When arguing for Peter’s law earlier this year, the noble Baroness the Leader of the House said the reason the Government are bringing it forward is to restore the public’s confidence in the integrity of Parliament. But if it ends up preventing Peers speaking out about matters of national importance, for fear of being accused of bringing the House into disrepute, it will further erode the reputation of Parliament and not restore it.
(5 months, 4 weeks ago)
Lords Chamber
Lord Young of Acton
To ask His Majesty’s Government whether any UK Research and Innovation-funded grants to study in UK universities are not open to white or Asian applicants; and if so, what assessment they have made of the appropriateness.
The Minister of State, Department for Energy Security and Net Zero, and the Department for Science, Innovation and Technology (Lord Vallance of Balham) (Lab)
Last year, UK Research and Innovation funded around 1,800 training grants to support about 27,000 PhD students. Some research organisations ring-fence a small proportion of UKRI-funded studentships for groups they can demonstrate are underrepresented in order to break to down barriers to opportunities and address inequality. None of the training grants funded by UKRI entirely excludes white or Asian students from applying for a PhD studentship. Around 1% of all UKRI studentships are ring-fenced by research organisations for widening participation.
Lord Young of Acton (Con)
My Lords, I declare my interest as the director of the Free Speech Union. I thank the Minister for that Answer. I am afraid it is true that white and Asian applicants are told they cannot apply for at least one post, a post-doc post, funded by UK Research and Innovation. This is symptomatic of the capture of the research excellence framework by radical progressive ideology, as evidenced by recent research by Professor Eric Kaufmann at the University of Buckingham. I know that the Minister shares my concern and has recently taken steps to reduce the weight given to equity, diversity and inclusion in the REF. Would he like to take this opportunity to assure the House that, in future, research funding will be based on the applicant’s intellectual merit and not the colour of their skin?

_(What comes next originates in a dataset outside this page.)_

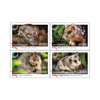 Set of Native Animals Gummed Stamps product photo Internal 1 THUMBNAIL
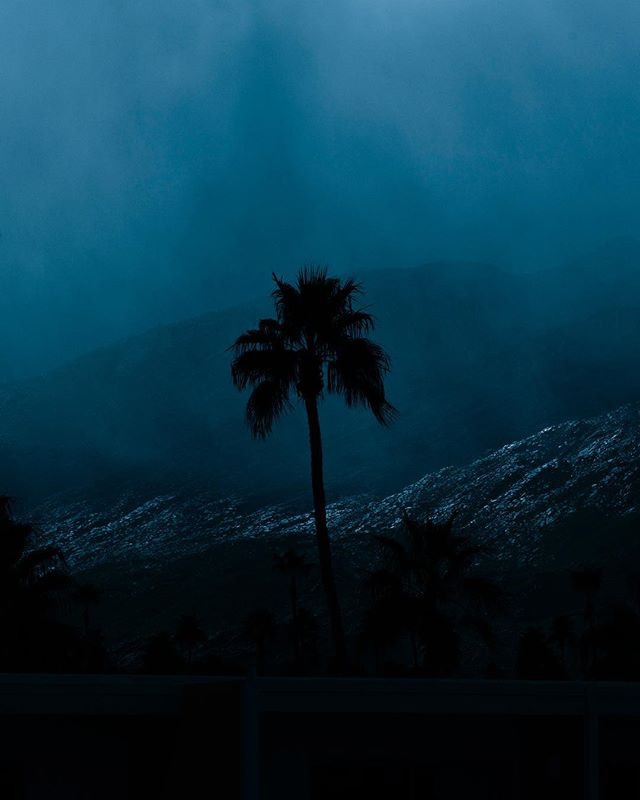 https://www.instagram.com/neilkryszak/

Lord Vallance of Balham (Lab)
I think the noble Lord may be referring to the scheme run by the Laboratory of Molecular Biology, which is one of the world’s greatest research institutions, with 12 Nobel Prizes to its name. It has rightly taken two posts out of 128 specifically to increase black representation among scientists. This is very similar to what happened in 1995, when the Dorothy Hodgkin fellowships made positions for women more easily accessible; that led to a huge number of very successful women scientists emerging as a result of that. In terms of the research excellence framework, there is an increased weighting for research outputs, which I believe to be correct. There is, however, a significant weighting on strategy, people and research environment. A culture where bullying is tolerated, challenge is suppressed and diversity is not embraced is not conducive to great science.